Résultats

L'étude a permis de confirmer un certain nombre d'hypothèses et d'apporter les preuves que les filles handicapées sont davantage discriminées face à l’éducation en raison de leur genre et de leur handicap.

L'équipe de recherche a cherché à mieux comprendre l’influence exercée par la religion et les croyances populaires dans l’aboutissement de cette double discrimination.

Lees chercheuses se sont interrogées sur la manière dont le genre, le handicap et l’âge façonnaient les expériences des filles handicapées dans l’accès et le maintien à l’école, ainsi que sur l’existence d’autres facteurs aggravant leur discrimination, les spécificités liées au type et au degré de handicap, et les enjeux liés à leur protection.

Elles ont également essayé de dégager des points communs et des spécificités dans les différents contextes et pays étudiés.


Influence des croyances religieuses et populaires

dans l’éducation des filles handicapées au Mali, Niger et Burkina Faso

Les perceptions et attitudes négatives des familles et de la communauté en général autour du handicap, conditionnées par des croyances populaires et religieuses encore solidement ancrées dans les sociétés ouest-africaines, constituent l’une des barrières les plus importantes à la scolarisation des enfants handicapés, et des filles en particulier.

# Les croyances populaires alimentent une perception négative du handicap, liée au divin et au surnaturel. La perception et le traitement du handicap varient cependant en fonction des groupes ethniques.

# Cette perception négative est accentuée pour certains handicaps sévères (notamment la déficience intellectuelle, les polyhandicapés ou les « enfants-serpents » et les albinos) et au détriment des filles qui sont plus vulnérables aux abus sexuels et plus susceptibles d’être abandonnées ou tuées à la naissance.

# Les familles sont à la fois victimes et bourreaux : les membres de la famille (et en particulier les mères) subissent eux-aussi la stigmatisation et sont souvent à l’origine des mauvais traitements infligés aux enfants handicapés.

# Les parents sont particulièrement sensibles aux remèdes des guérisseurs et des tradi-praticiens qui ne font qu’aggraver la santé de leurs enfants

# Les perceptions négatives autour du handicap sont plus du fait des croyances populaires que de la religion en elle-même — que ce soit l’islam ou le christianisme — qui apporte un message de bienveillance et de protection à l’égard des personnes handicapées.

# En revanche, l’islam est généralement associée à une faible participation des femmes à l’école. Certains parents préfèrent l’éducation islamique pour leurs filles car ils craignent que l’éducation moderne (« l’école des Blancs ») ne promeuve des valeurs et des comportements contraires aux normes culturelles.
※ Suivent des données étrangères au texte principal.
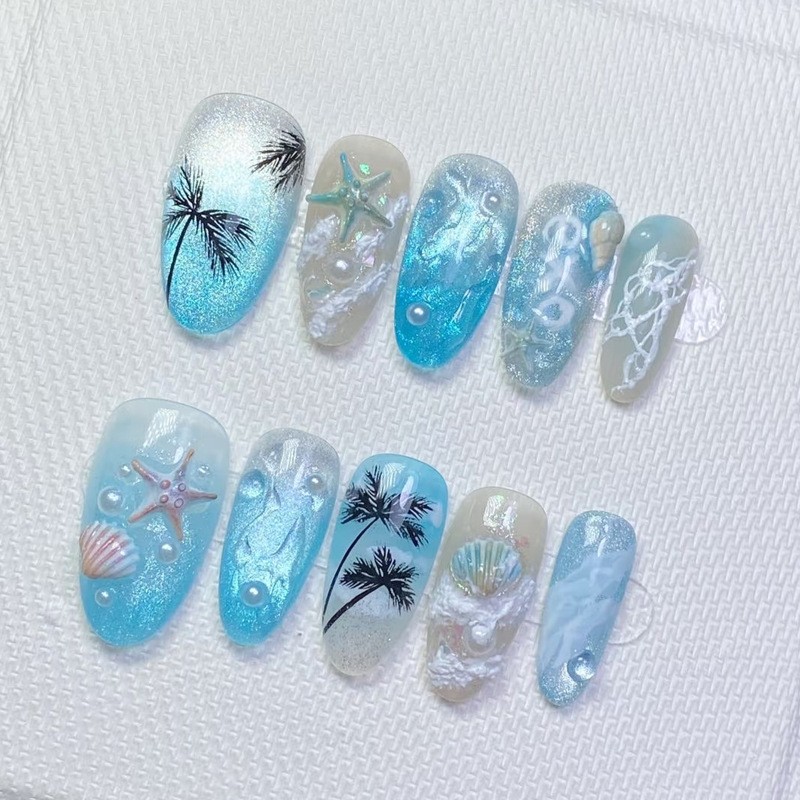 60Pcs-Blue Ocean 3D Starfish Shell Short Square Press on Nails Palm Tree Tips
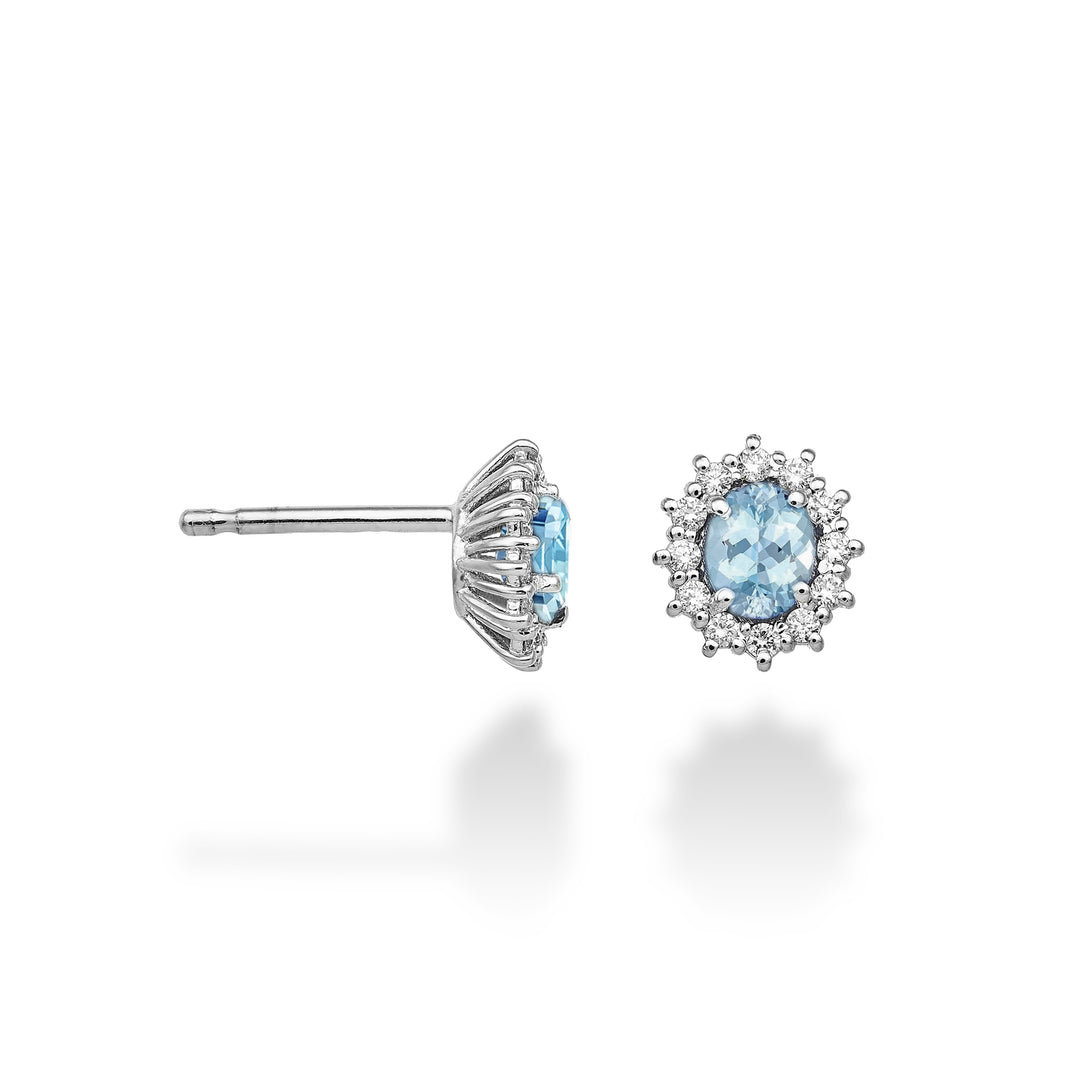 Mikiko or 18k oval aquamarine 5x4 ct.0,60 diam. 0.20 ct MO5104O4AM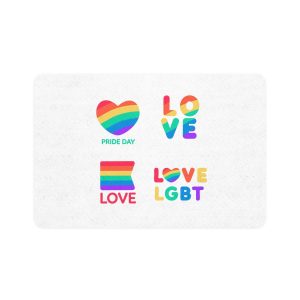 Pride Day Label Collection Theme Pet Food Mat 12x18
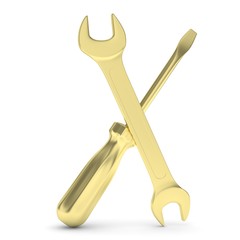 3D Illustration Wrench and screwdriver, service concept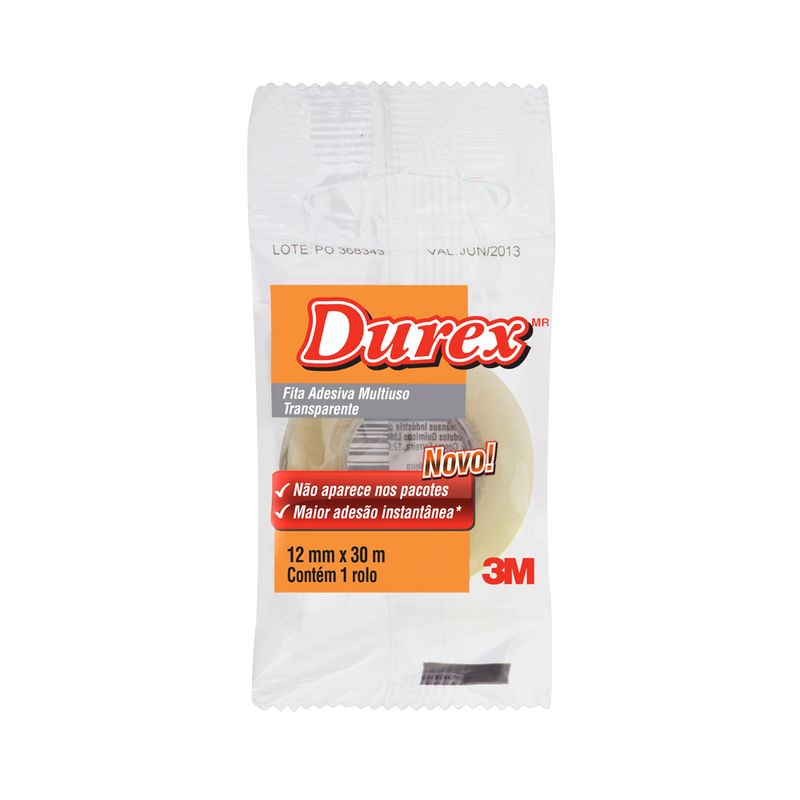 Fita Adesiva Durex 12mmX30m Transparente (7891040149346)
# Au Burkina Faso, les organisations chrétiennes — catholiques et protestantes — ont été pionnières dans le champ de l’éducation inclusive et dominent toujours ce secteur aujourd’hui. Elles ont tendance à encourager les parents à scolariser leurs filles handicapées en finançant complètement leur prise en charge éducative.

Les discriminations liées à l’intersectionnalité

Genre & Handicap

Dans les trois pays, les garçons et les filles handicapés connaissent des cas similaires d’exclusion sociale à l’école. Toutefois, durant l'étude, les filles handicapées ont été régulièrement signalées comme étant confrontées à une stigmatisation accrue, à un plus grand manque d’opportunités et à une plus grande marginalisation par rapport aux garçons handicapés.

Elles ont notamment moins de chances de recevoir une éducation que les garçons handicapés.

Les filles handicapées sont la dernière des priorités pour l’affectation des ressources limitées.

Let me Decide and Thrive, Plan International

Les facteurs socio-culturels et socio-économiques interviennent de manière significative dans les décisions familiales de ne pas envoyer les filles à l’école ou de les retirer.

Les familles et les communautés vont favoriser le plus souvent les garçons au détriment des filles, entraînant des différences d’opportunités et de résultats sur le plan de l’éducation.

Les enfants handicapés sont considérés comme une charge supplémentaire pour la famille, et d’autant plus les filles handicapées, dans un contexte où les normes de genre inégalitaires restreignent fortement les chances des filles d’être scolarisées.

L’éducation des filles handicapées est même vue comme une perte économique car elles contribuent activement à la survie économique du foyer à travers la mendicité et participent activement aux tâches domestiques.



# Dans tous les établissements visités, les garçons handicapés sont plus scolarisés que les filles handicapées et leurs effectifs se réduisent drastiquement au fur et à mesure de la scolarité. Elles ont généralement des taux de redoublement, d’échec et d’abandon plus élevés que les garçons.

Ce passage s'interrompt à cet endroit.